Choose your friends. Choose leisurewear and matching luggage. Choose a three-piece suite on hire purchase in a range of fucking fabrics. Choose DIY and wondering who the fuck you are on Sunday morning. Choose sitting on that couch watching mind-numbing, spirit-crushing game shows, stuffing fucking junk food into your mouth. Choose rotting away at the end of it all, pissing your last in a miserable home, nothing more than an embarrassment to the selfish, fucked up brats you spawned to replace yourselves. Choose your future. Choose life... But why would I want to do a thing like that? I chose not to choose life. I chose somethin' else. And the reasons? There are no reasons. Who needs reasons when you've got heroin?
Despite the heroin thing, this last sentence was the heroin talking, I think that there is a lot of truth in this text. I'm not sure if it is something argument-able or the kind of thing you learn by experiences (so it depends on perception).

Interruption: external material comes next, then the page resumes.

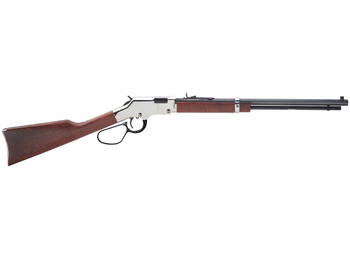 Henry H004SL Golden Boy Silver Large Loop Full Size 22 S/L/LR 20" Blued Octagon Barrel, Nickel-Plated Steel Drilled & Tapped Receiver, American Walnut Fixed Stock, Right Hand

There is a kind of paradox here, because I think that it is actually possible that this choosing thing could be chosen in its own. In fact, this is a reasonable way (among a lot that I might not know) of understanding life, so it is possible to choose it among the rest. At least there is the destiny way, which assumes that you are not the one who makes de choices, they are already made for you.
Thinking about my choosings,
- I choose to choose choosing as the way of life (not mine, every).
- I choose to choose life and I choose it.
- I choose to try to be happy (meaning it).
- I choose to believe in logic.
What does choosing choosing and choosing to be happy means?
Most of the people know that, more or less, everything has connotations (to us), well, you can voluntarily change the connotations that we get from anything. If you see a bottle half-empty and half-full, you can choose to give more importance to the fact that it is half-empty, this is to be optimistic.
For example, about long-lasting relationships, you really never know if it would work for ever or not, so, in order to feel stable, you have to choose to believe that it will last. Of course, it is a risky bet, but not doing so may lead to insecurity and jealousy. Now think that somehow you have doubts, then you have to explore your feelings, but if you have no clues, you may have to choose, taking risks, of course.
This post could have been named Life is a matter of taking risks.